Olympos (34 page)

Read Olympos Online

Authors: Dan Simmons

BOOK: Olympos
8.39Mb size Format: txt, pdf, ePub

Las imágenes, voces e impresiones físicas fluyeron.

Aquiles está arrodillado junto al cadáver de la amazona Pentesilea. El Agujero se ha cerrado, el rojo Marte se extiende hacia el este y el sur a lo largo de la costa del Tetis sin que quede ningún rastro de Ilión ni de la Tierra, y la mayoría de los capitanes que combatieron a las amazonas con Aquiles han escapado a tiempo. Los dos Áyax se han ido, y Diomedes, Idomeneo, Estiquio, Esténelo, Euríalo, Teucro... incluso Odiseo ha desaparecido. Algunos de los aqueos (Euenor, Pretesilao y su amigo Podarces, Menipo) yacen muertos entre los cadáveres de las amazonas derrotadas. En la confusión y el pánico, mientras el Agujero se cerraba, incluso los mirmidones, los más fieles seguidores de Aquiles, han huido con los demás, pensando que su héroe, Aquiles, iba con ellos.

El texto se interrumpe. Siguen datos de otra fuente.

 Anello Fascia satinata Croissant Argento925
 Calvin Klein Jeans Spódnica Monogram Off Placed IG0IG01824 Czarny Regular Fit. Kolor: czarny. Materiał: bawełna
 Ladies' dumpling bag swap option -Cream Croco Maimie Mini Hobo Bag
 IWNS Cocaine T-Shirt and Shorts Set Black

Aquiles está solo con los muertos. El viento marciano sopla desde los empinados acantilados de la base del Olimpo y aúlla entre las huecas armaduras dispersas, sacudiendo los penachos ensangrentados de las lanzas que clavan los cadáveres al rojo suelo.

El de los pies ligeros acuna el cuerpo de Pentesilea, alzando su cabeza y hombros hasta su rodilla. Llora al ver lo que ha hecho: su pecho perforado, sus heridas que ya no sangran. Cinco minutos antes Aquiles se mostraba triunfal en su victoria y le había gritado a la reina moribunda:

—¡No sé qué riquezas te prometió Príamo, niña alocada, pero aquí tienes tu recompensa! Ahora los perros y las aves se alimentarán de tu blanca carne.

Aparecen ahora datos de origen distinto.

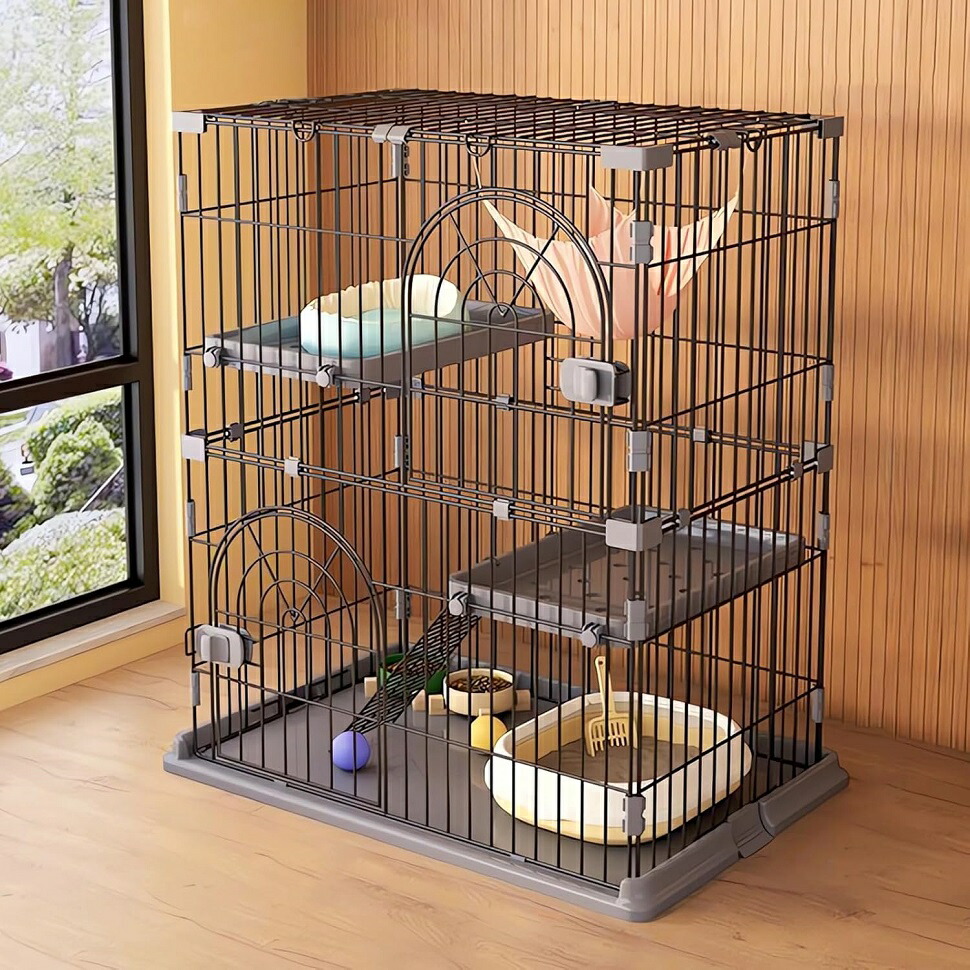 楽天市場】JPJieAnXin 猫ケージ キャットケージ 2段 スリム 大型猫用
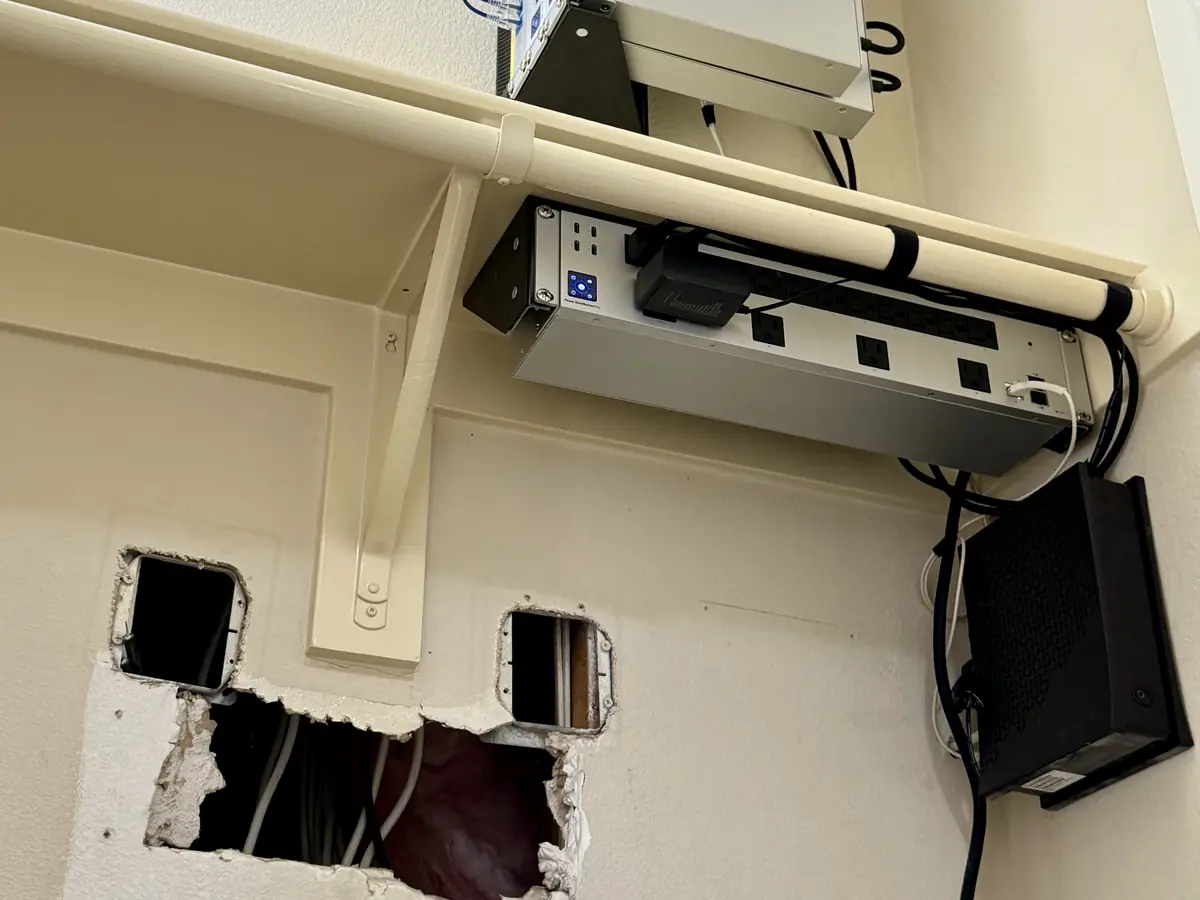 UniFi gear in the closet during the install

El recuerdo de sus propias palabras hace llorar todavía más a Aquiles. No puede apartar los ojos de la dulce frente, de sus labios aún sonrosados. Los rizos dorados de la amazona se agitan con la brisa y él contempla sus pestañas, esperando que aleteen y los ojos se abran. Sus lágrimas caen al polvo de su mejilla y su frente, y con el borde de la túnica le limpia la suciedad de su cara. Los párpados de ella no aletean. Sus ojos no se abren. La lanza ha atravesado su cuerpo y también el de su caballo, tan tremenda ha sido la fuerza de su tiro.

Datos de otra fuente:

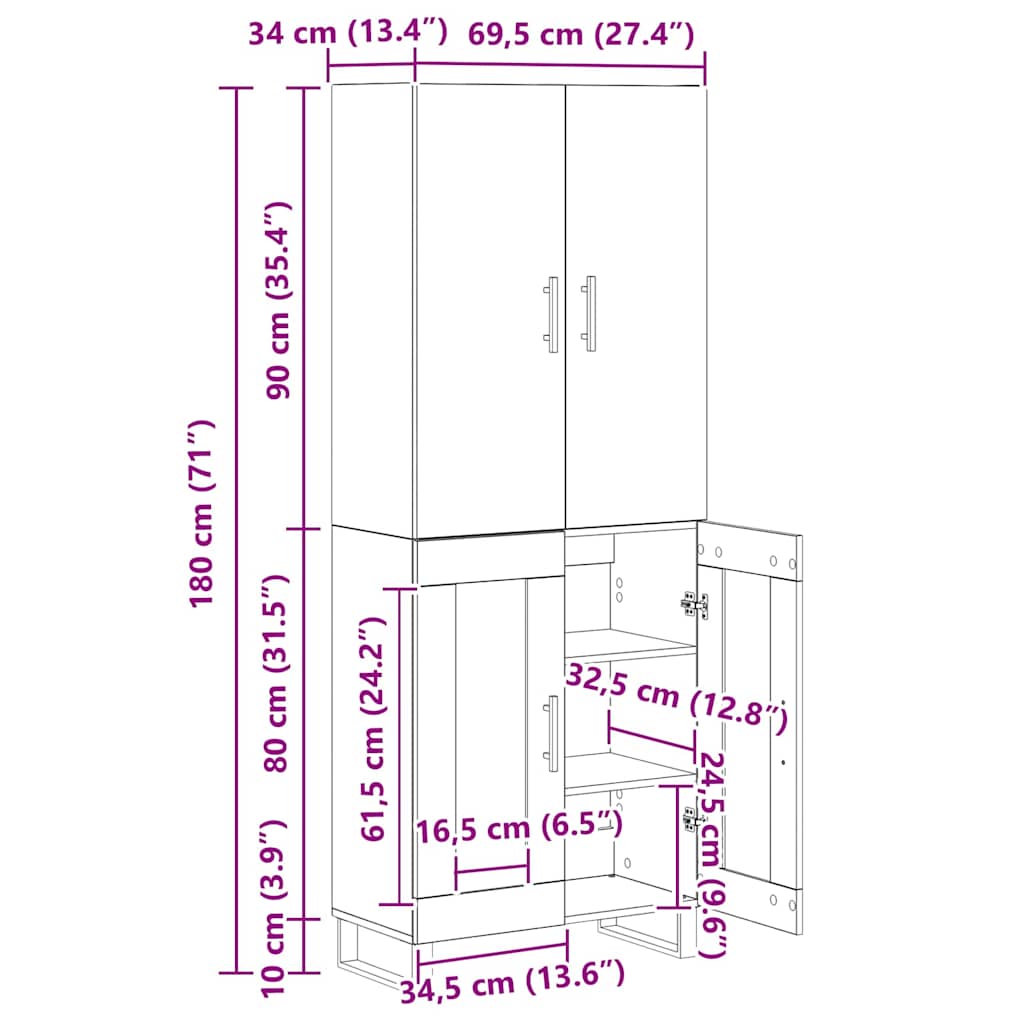 Highboard 2 pcs Crni hrast 69,5 x 34 x 180 cm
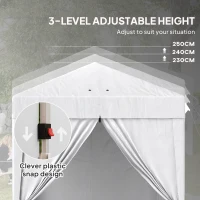 Outsunny 6.7' x 6.7' Pop-Up Canopy Tent with Sidewalls, Height-Adjustable, Carry Bag Included, for Outdoor, Garden, Patio, White(m-5)
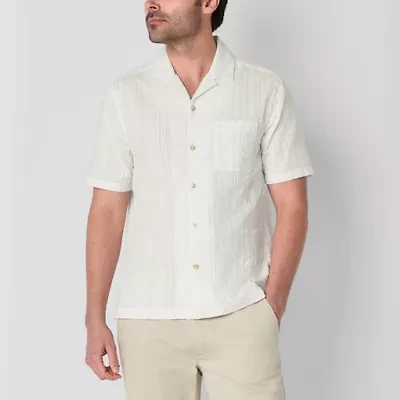 mutual weave Mens Short Sleeve Camp Shirt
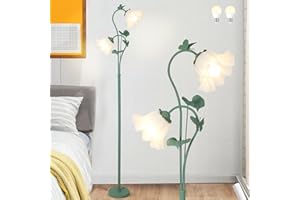 Stepeak Flower Floor Lamps for Living Room, Modern Standard Lamps with 2 Bulbs & Foot Switch, DIY Floor Standing Lamp with Flower Shades, Green Tall Floor Lamp for Bedroom Office Hallway Dining Room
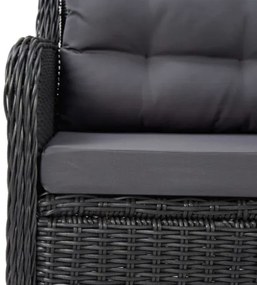 Set da Pranzo da Giardino 7 pz in Polyrattan Nero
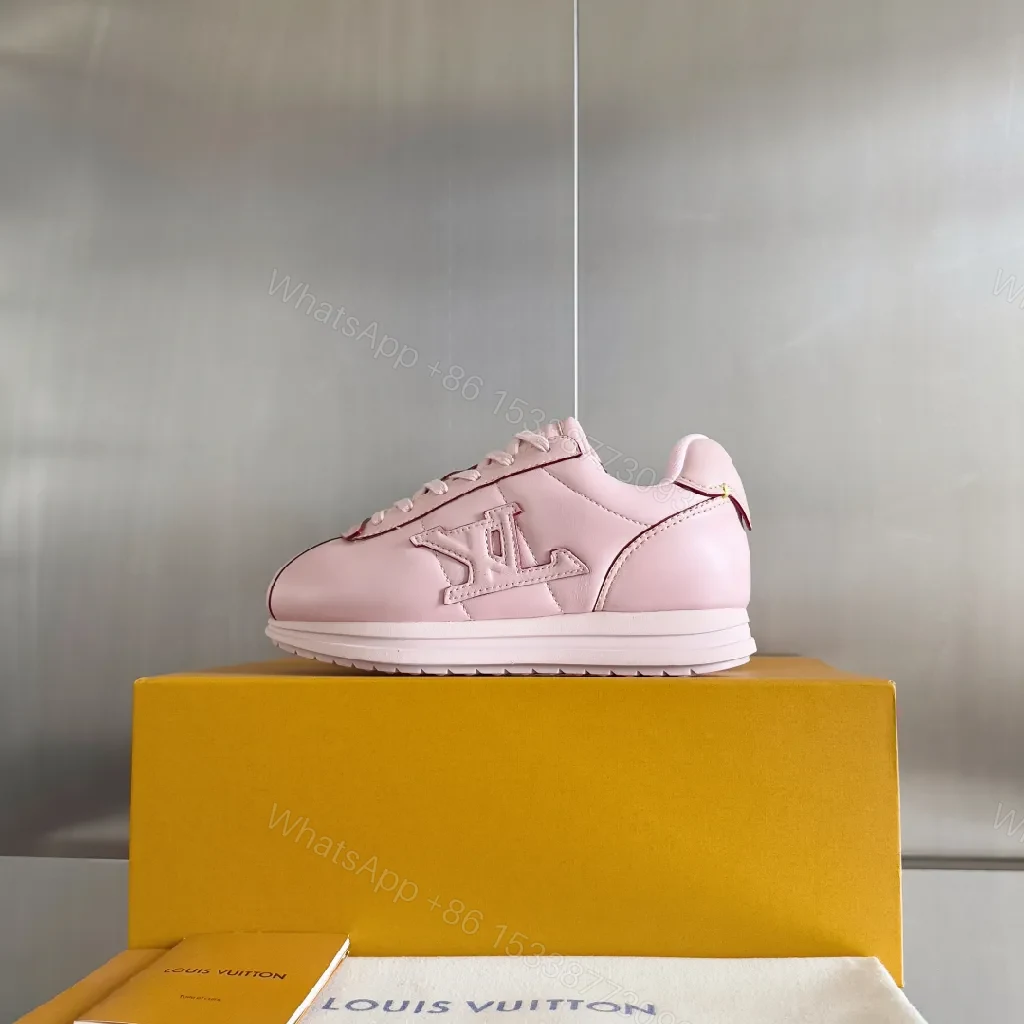 View 7 of Soft Pink Leather High-Tops with Subtle LV-Inspired Detailing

—Deberías haberte casado con ella, hijo de Peleo, no haberla asesinado.

Aquiles contempla a través de sus lágrimas la alta forma que se alza entre el sol y él.

—Palas Atenea, diosa... —empieza a decir el asesino de hombres, pero se calla y solloza. Saber que, entre todos los dioses, Atenea es su enemiga más jurada, que fue ella quien se apareció en su tienda diez meses antes y asesinó a su más caro amigo, Patroclo, que es ella a quien más ha ansiado matar mientras combatía y hería a docenas de otros dioses en los meses pasados. Pero Aquiles no puede encontrar cólera ninguna en su corazón ahora mismo, sólo una pena sin fondo ante la muerte de Pentesilea.

—Qué extraño —dice la diosa, alzándose sobre él con su armadura dorada, su alta lanza de oro reflejando la luz del sol—. Hace veinte minutos estabas dispuesto a..., no, ansioso por dejar su cuerpo a las aves y los perros. Ahora lloras por ella.

—No la amaba cuando la he matado —consigue decir Aquiles. Acaricia la suciedad que mancha el dulce rostro de la amazona muerta.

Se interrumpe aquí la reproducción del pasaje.